Músicos en la era de la hipocresía
Daniel Barenboim suele repetir una idea que, con algunas variaciones, podría resumirse en lo siguiente: la música es la mejor vía para salir del mundo, pero también la mejor para entrar en él y comprenderlo. Se entiende: la evasión artística se revierte indirectamente en un modo de conocimiento. ¿Pero qué significa comprender la música? Con esa interrogación abría el pianista Charles Rosen su libro Las
fronteras del significado. Rosen ofrece una primera respuesta, ligada a la sensación más que al sentimiento. “Comprender la música significa sencillamente no sentirse irritado o desconcertado por ella”. Pasado en limpio: sentirse “cómodo”. Esto provoca un sobresalto en nosotros como el que tendría quien descubre que hay fuego en la casa. ¿Sentirse cómodo? Vayamos despacio. Sabemos que la música siempre linda con lo que no tiene significado (en un plano lingüístico) y por lo tanto comprenderla no quiere decir poder poner en palabras aquello que escuchamos, sino sentir que cumple con nuestras expectativas. Cuando eso no ocurre, la incomprensión deriva de la desaparición de lo conocido. De esas extrañezas está hecha la historia de la música.

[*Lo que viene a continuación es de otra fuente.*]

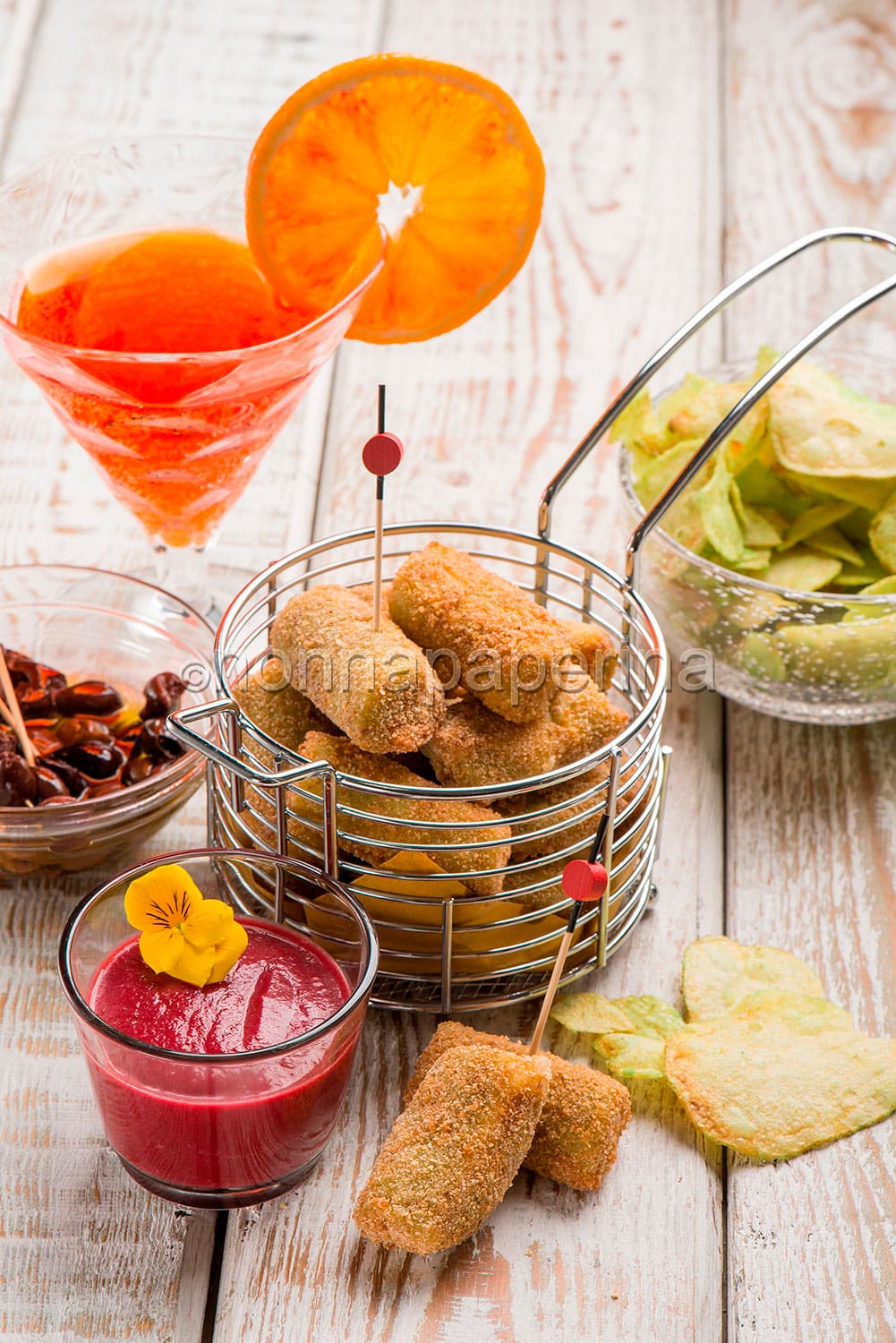 Crocchette con salsa speziata Crocchette con salsa speziata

Por más veneración que le tuvieran, Beethoven era incomprensible para sus contemporáneos, pero a partir de él, y un poco también de Mozart y Haydn, descubrimos que es la propia obra de arte la que nos enseña a comprenderla. Sobre todo, nos enseña a escucharla como si la hubiéramos compuesto nosotros. Rosen lo dice mejor: “La obra musical exige que se la escuche como si no se hubiera compuesto ninguna otra, ni antes ni después de ella”.
Pero la música tiene otras ramificaciones, esas que el filósofo Albrecht Wellmer llamó su “relación con el mundo”. La incomprensión de una pieza musical consiste en caminar a ciegas en su lógica de composición. Dicho de otra manera: la interrupción de una cadena de causalidades, eso que llamamos sintaxis y que rige también lo real, y en el interior de lo real, la política.

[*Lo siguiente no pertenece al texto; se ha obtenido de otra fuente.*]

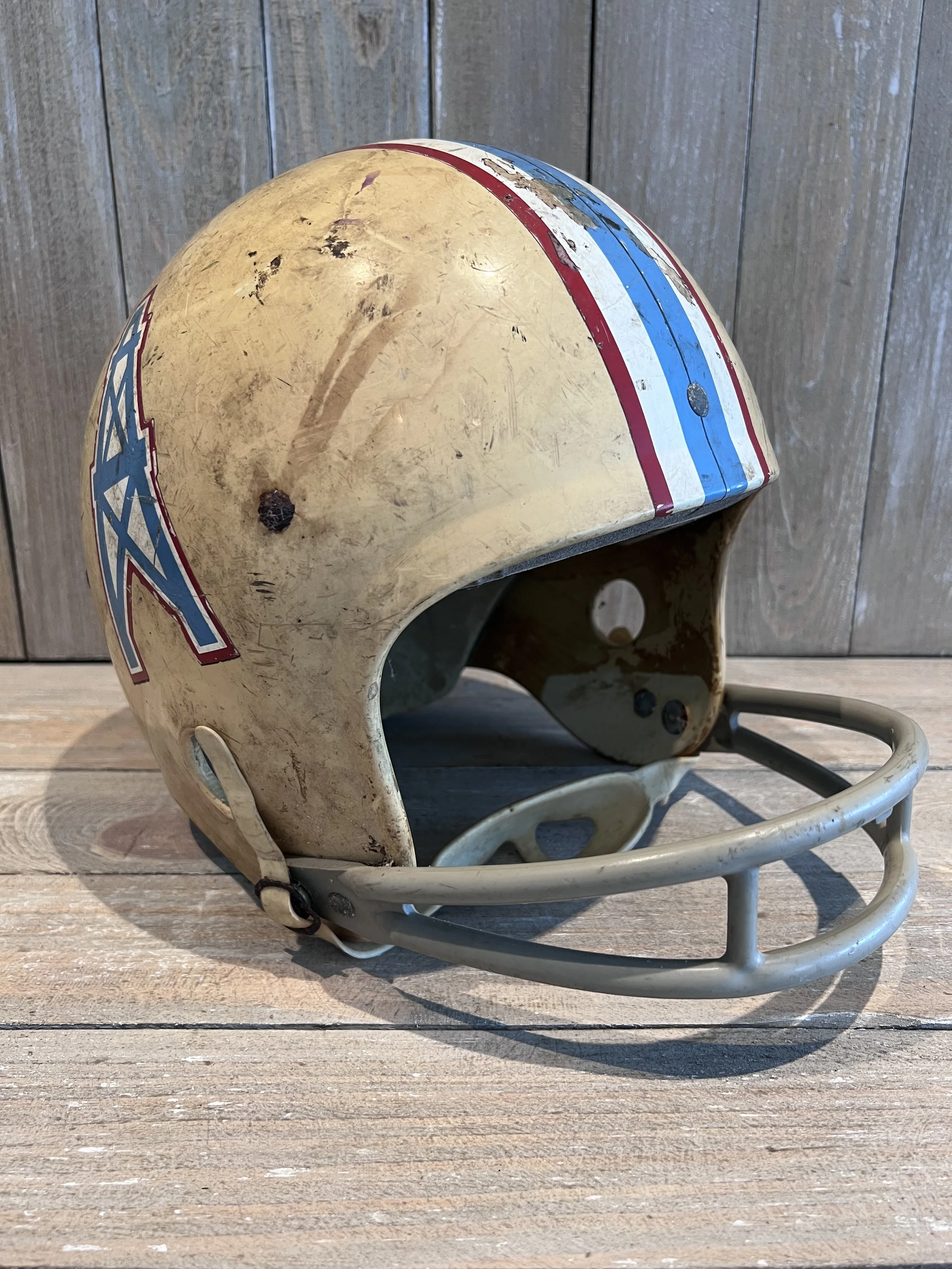 Vintage NFL Houston Oilers Helmet Rehab Vintage NFL Houston Oilers Helmet Rehab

Pasemos a lo real, que cada vez resulta más difícil de comprender que esa música que defrauda nuestro horizonte de expectativas. Pocos directores comprendieron y comprenden tan bien la música como James Levine y Charles Dutoit, pero es posible que hayan dejado de comprender el mundo, que de un golpe parece habérseles vuelto hostil. Levine sigue siendo un gran director, tal vez no el preferido de muchos, pero de todas maneras dejó grabaciones incuestionables. Más que eso, fue el hombre que durante 40 años tomó todas las decisiones en la Metropolitan Opera de New York. Después, ahora, vinieron las denuncias por presunto acoso sexual por hechos de hace tres décadas. Muy políticamente correctas, las autoridades del Met encontraron “verosímiles” las denuncias y lo despidieron. Levine iniciará una causa por difamación, pero el daño ya está hecho: sin pruebas, por “credibilidades” y “verosimilitudes” se destruyó una reputación y una carrera.

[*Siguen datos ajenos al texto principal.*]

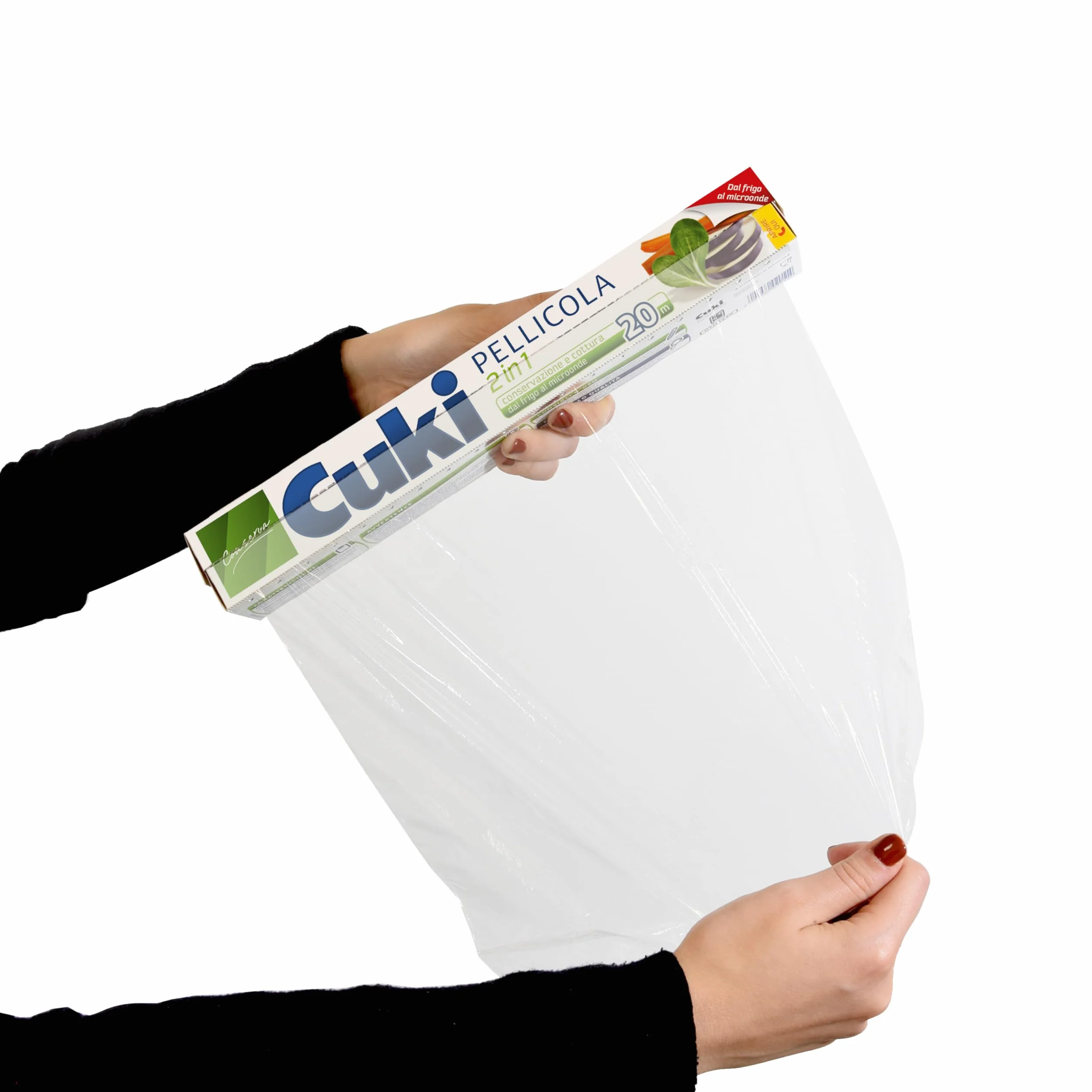 Cuki Pellicola 2in1 dal frigo al microonde 20 metri 6 Confezioni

No menos grave es el caso de Dutoit. En entrevistas separadas con The Associated Press, tres cantantes de ópera y una instrumentista relataron versiones de hechos que ocurrieron entre 1985 y 2010 en un auto, la suite de un hotel, un ascensor y en la oscuridad tras bambalinas. Las mujeres acusan al músico de 81 años y ex marido de Martha Argerich de agresiones sexuales durante ensayos en Chicago, Los Ángeles, Minneapolis, Filadelfia y Saratoga Springs, Nueva York. “Mala conducta”, suelen decir las autoridades y los medios, como nos decían en la escuela primaria y nos mandaban a la dirección.
Es la nueva era de la hipocresía, que Javier Marías denunció en “Ojo con la barra libre”, una columna muy valiente en El País: “En vez de ser el denunciante quien debía demostrar la culpa del denunciado, era éste quien debía probar su inocencia, lo cual es imposible”.
La comprensión de la música no ayuda a comprender el mundo, por lo menos no para Levine y Dutoit. Por lo pronto, se sabe que Argerich, en solidaridad con Dutoit, planea no volver a tocar en Estados Unidos. Sería un buen castigo para el progresismo estadounidense, siempre dispuesto a ver la paja en el ojo ajeno.